Updated: Jun 12
The 'yes day', have you ever tried it? Before we had children, Mr Resolve and I would enjoy a 'spontaneity day' fairly frequently. We would walk to the high street and catch the first bus that came along, we would then get off the bus whenever we saw a cool looking bar/café/event and see where the day took us. Good times.
This blog is NOT about spontaneity days, as that just sounds like a recipe for stressed parents, over tired kids and a whole heap of regret. This blog is about 'yes days' instead.
The concept is simple, find a day when you have no other commitments, and whatever your child wants to do, say 'yes'. This only works well, with one child at a time so pick your favourite (jokes! But do rota it, otherwise you'll just tie yourself in knots and everyone will be wailing, yourself included). I've always enjoyed the idea of the yes day, but had never given it a proper go, life has been too busy, too hectic and too heavily scheduled. Cue lockdown... Lockdown has been awful in many ways, but it has given us the gift of time. So when one night stalling bedtime Big asked "Can we make pizzas and deliver them to my friends tomorrow?" I just had to say yes.
In truth, I was blown away by the kindness and excitement at the act of giving, from Big. Six year olds aren't always best known for their altruism... The following day he awoke full of the joys of Spring (Summer) and had a million and one ideas: "We can make an advert, and a menu and deliver it and they can call DADDY and tell him what they want and we can make it and deliver the pizzas on our BIKES!"
We did have to set some boundaries, for example we weren't able to do this for all the members of his class, and that took some getting over, and we also weren't able to deliver them by bike - but we were able to hold on to the essence of this wonderful, creative and kind idea.

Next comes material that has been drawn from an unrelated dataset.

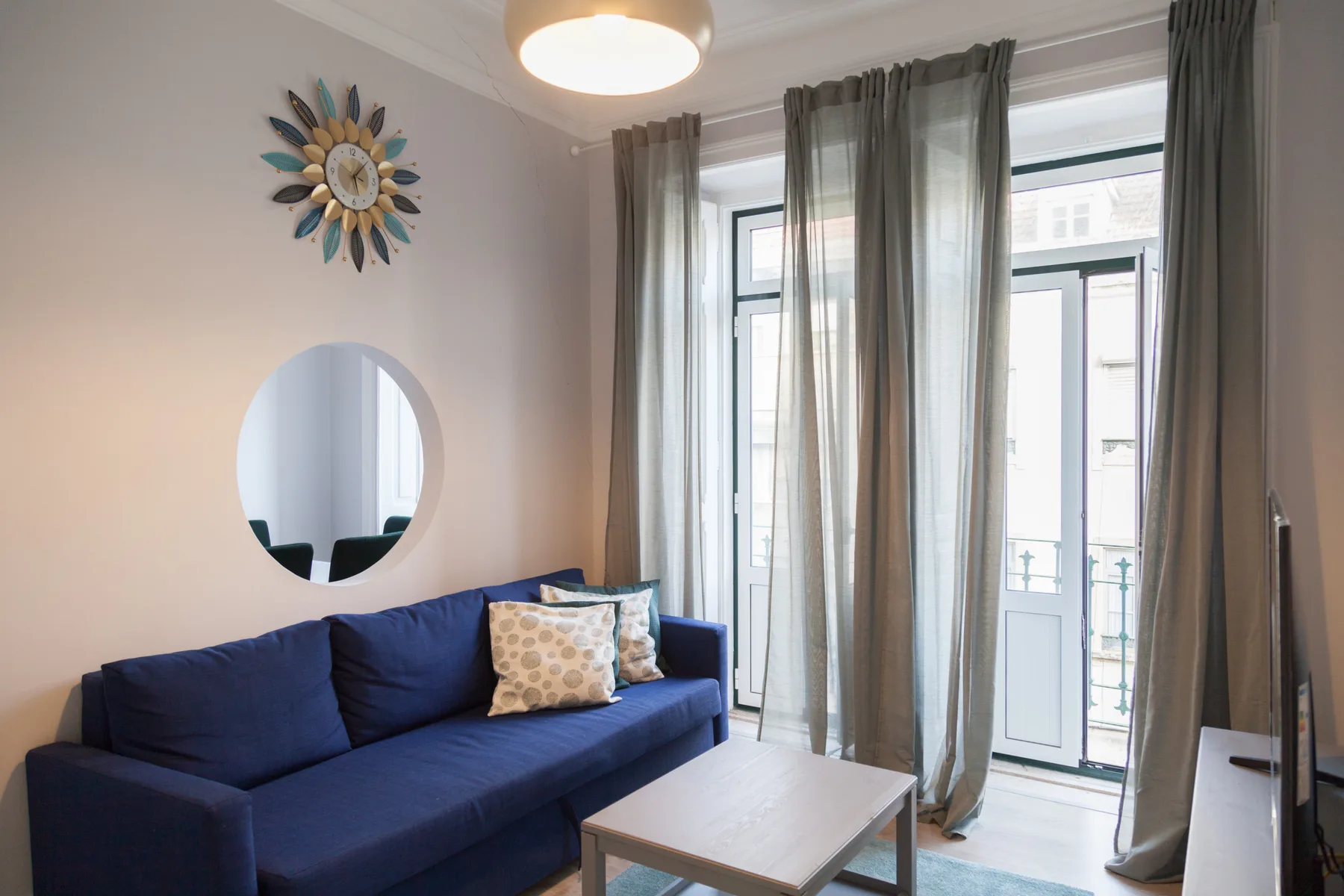 Sala de estar con asientos azules y ventanas altas cubiertas por cortinas translúcidas.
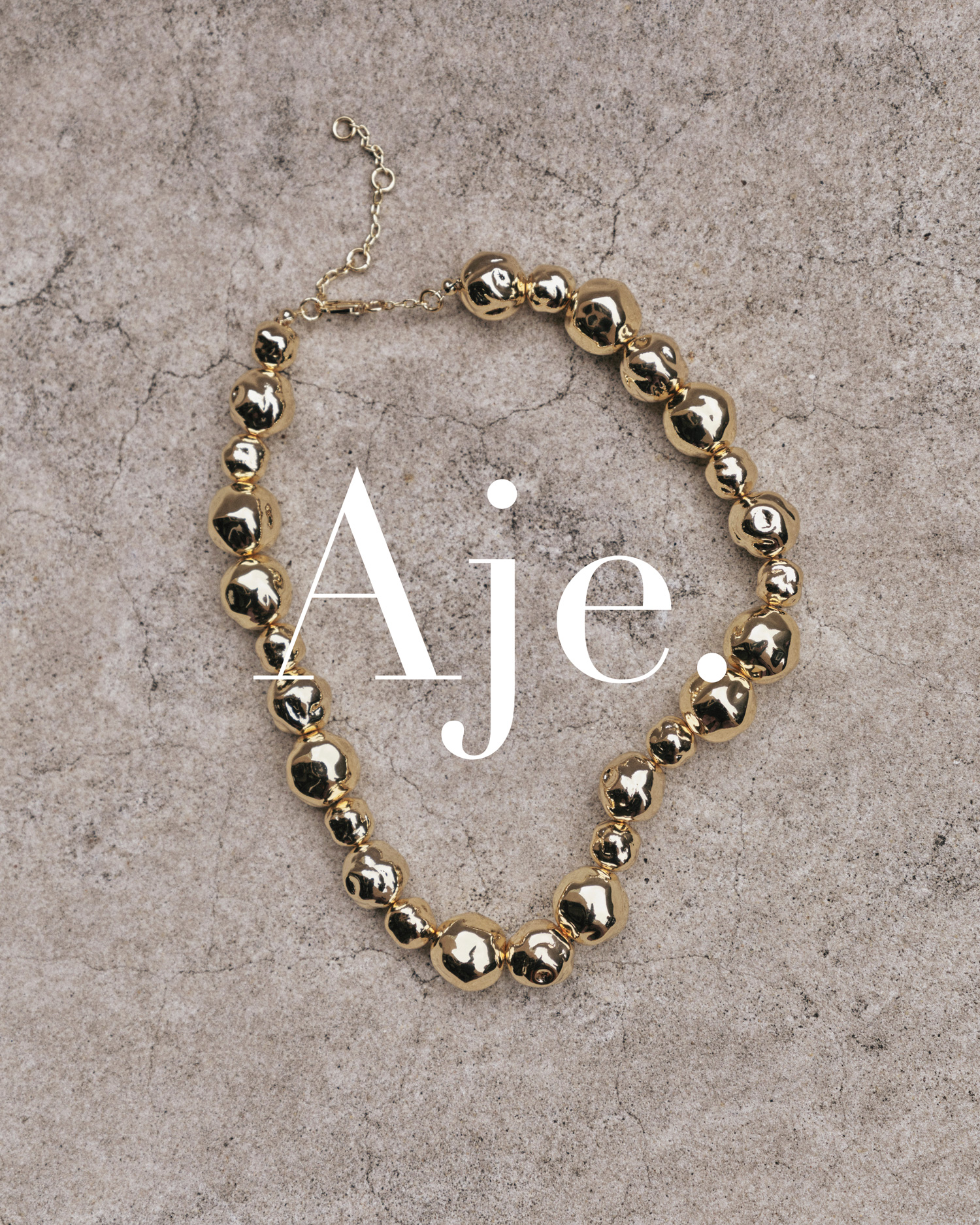 Gold beaded necklace on a textured grey surface with 'Aje' text overlay; product shot for fashion or jewelry design promotion.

We began the day with a clapper board, some chalk (sneaky writing practice) and some footage which we edited in iMovie into a really lovely advert for his pizza delivery service. I sent this to a friend who had no idea what to expect but had already confirmed that they had no lunch plans for that day. Once she had seen the advert we sat down to create a menu in Canva, he was popping with wonderful ideas for ingredients, designs and names for his pizzas. We printed and laminated the menu before walking over and hand delivering it to our friends.
A few hours of anxious phone watching later Mr Resolve received The Call. They had ordered a Cheesy Weesy Surprise and a Meateorite. We set to work, making the dough and gathering the ingredients. While the pizzas were cooking Big asked to send a notification that said 'your pizza is in the oven' so we hopped back onto Canva, this was such a good extending activity as it meant he had to decide on an appropriate background and engage his phonics skills! While we were there we also made one to announce that the pizza was 'out for delivery', he felt like a real professional pizza maker and my heart almost burst with pride!
We delivered the pizzas (by car because logistically I just couldn't make it happen by bike), the excitement and the act of giving was immense for him. And for me? The whole experience was one that was utterly refreshing, how often are we afforded the luxury of saying "yes" to everything for our child? Compare that to how often we have to say "no", or redirect their desires? My good friend Lisa wrote about this recently, she said when she wants to say no, she tries to remember to ask herself 'why not?' and if there's no real reason (danger, time or financial constraints for example), then she will say yes.
I'll end with this gem: upon delivery Big was given a tip (20p), I asked him if he wanted to buy some sweets or put it in his money box, he replied "No, I want to give it to charity". And that, dear reader, is when my heart did burst.